I De Laurentiis ricorrono al Collegio di Garanzia contro la norma sulle multiproprietà: il comunicato
DE LAURENTIIS MULTIPROPRIETA' BARI - Nuovo capitolo relativo alle multiproprietà nel calcio italiano. La famiglia De Laurentiis, che detiene le quote del Napoli e del Bari, sembrerebbe essere intenzionata a non mollare. Aurelio e Luigi De Laurentiis, infatti, hanno deciso di fare ricorso al Collegio di Garanzia dello Sport del CONI contro la norma relativa alle multiproprietà varata dalla FIGC. Ecco il comunicato riportato da "Ilmattino.it":
«Il Collegio di Garanzia dello Sport ha ricevuto un ricorso presentato dal Cav. Aurelio De Laurentiis, in proprio e nella qualità di legale rappresentante pro tempore - Presidente del C.d.A. - della società S.S.C. Napoli S.p.a., nonché di legale rappresentate pro tempore - Presidente del C.d.A. - di Filmauro S.r.l., e dal Dott.
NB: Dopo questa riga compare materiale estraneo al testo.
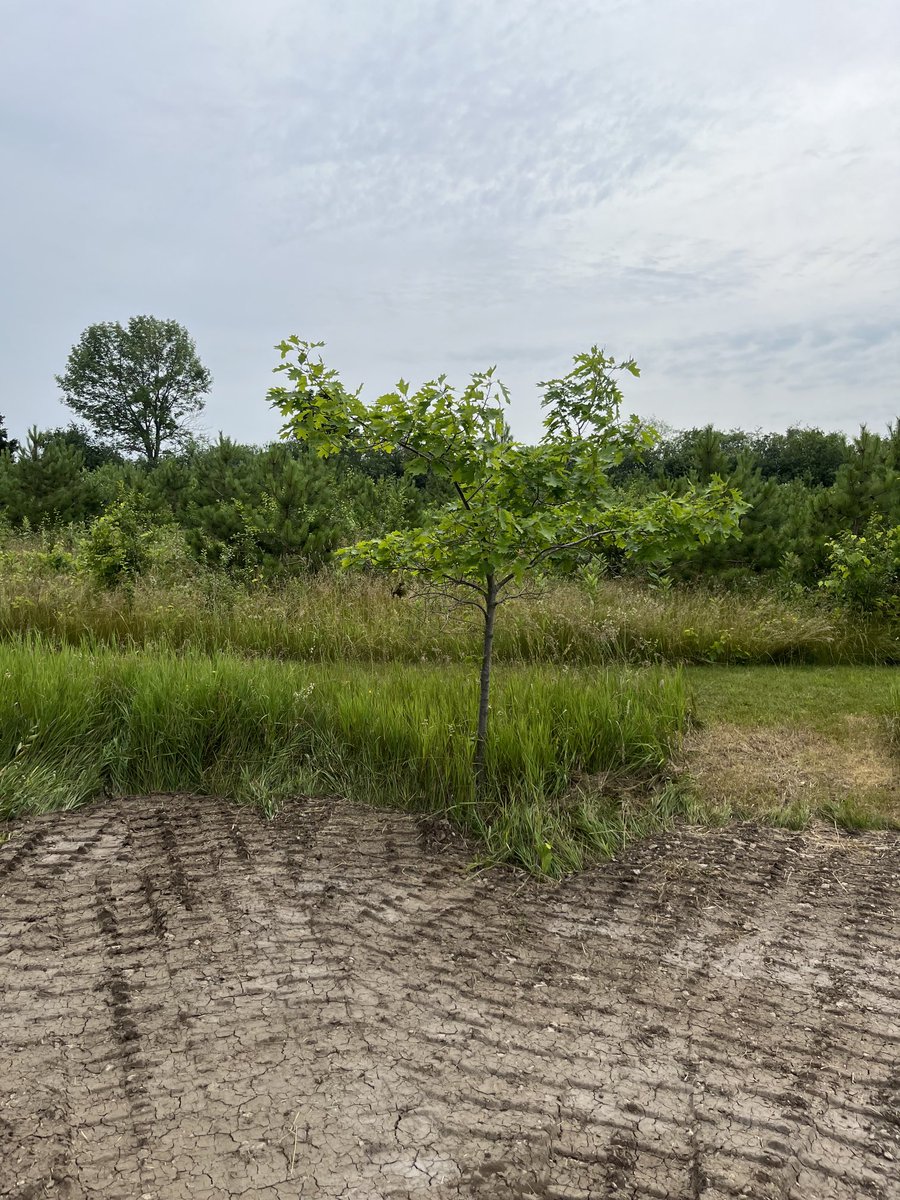 David Frum tweet media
Luigi De Laurentiis, in proprio e nella qualità di legale rappresentante pro tempore - Amministratore Unico - della S.S.C. Bari S.p.a., contro la Federazione Italiana Giuoco Calcio (FIGC), nonché contro la Lega Nazionale Professionisti Serie A (LNPA), la Lega Nazionale Professionisti Serie B (LNPB) e la Lega Italiana Calcio Professionistico (Lega Pro), per l'impugnazione della decisione della Corte Federale d'Appello della FIGC, adottata con C.U. n. 0095/CFA del 22 giugno 2022, con la quale, nel respingere il reclamo dei suddetti ricorrenti, è stata confermata la decisione del Tribunale Federale Nazionale, Sezione Disciplinare, adottata con C.U. n. 0145/TFN-SD 2021-2022 del 13 maggio 2022, che aveva respinto il ricorso dei medesimi ricorrenti avverso la Delibera del Consiglio Federale della FIGC, pubblicata sul C.U. n. 88/A del 1° ottobre 2021, relativamente alla modifica dell'art. 16 bis NOIF, nonché di ogni atto presupposto o conseguente. La vicenda afferisce alla nuova formulazione dell'art. 16 bis delle NOIF, che vieta partecipazioni, gestioni o situazioni di controllo, in via diretta o indiretta, in più società del settore professionistico da parte del medesimo soggetto, del suo coniuge o del suo parente ed affine entro il quarto grado».